▶ _What to produce_
Write out every line of the material as it stands, apart from the pictures.

▶ _Supplied data_
***

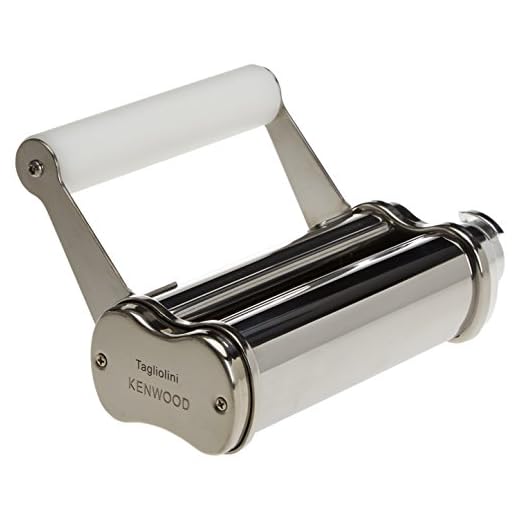 Kenwood KAX972ME Accesorio elaborador de pasta Tagliatelle/Fettucine compatible con robots de cocina Kenwood Chef y Kmix, acero inoxidable, plateado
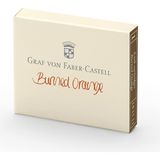 Von Faber-Castell Dolma Kalem Kartuşu 6'lı Yanık Turuncu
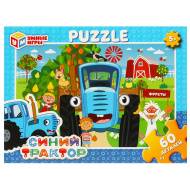 Пазлы УМНЫЕ ИГРЫ "Синий Трактор", 60 элементов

***

▶ _Your response_
 Kenwood KAX972ME Accesorio elaborador de pasta Tagliatelle/Fettucine compatible con robots de cocina Kenwood Chef y Kmix, acero inoxidable, plateado
 Von Faber-Castell Dolma Kalem Kartuşu 6'lı Yanık Turuncu
 Пазлы УМНЫЕ ИГРЫ "Синий Трактор", 60 элементов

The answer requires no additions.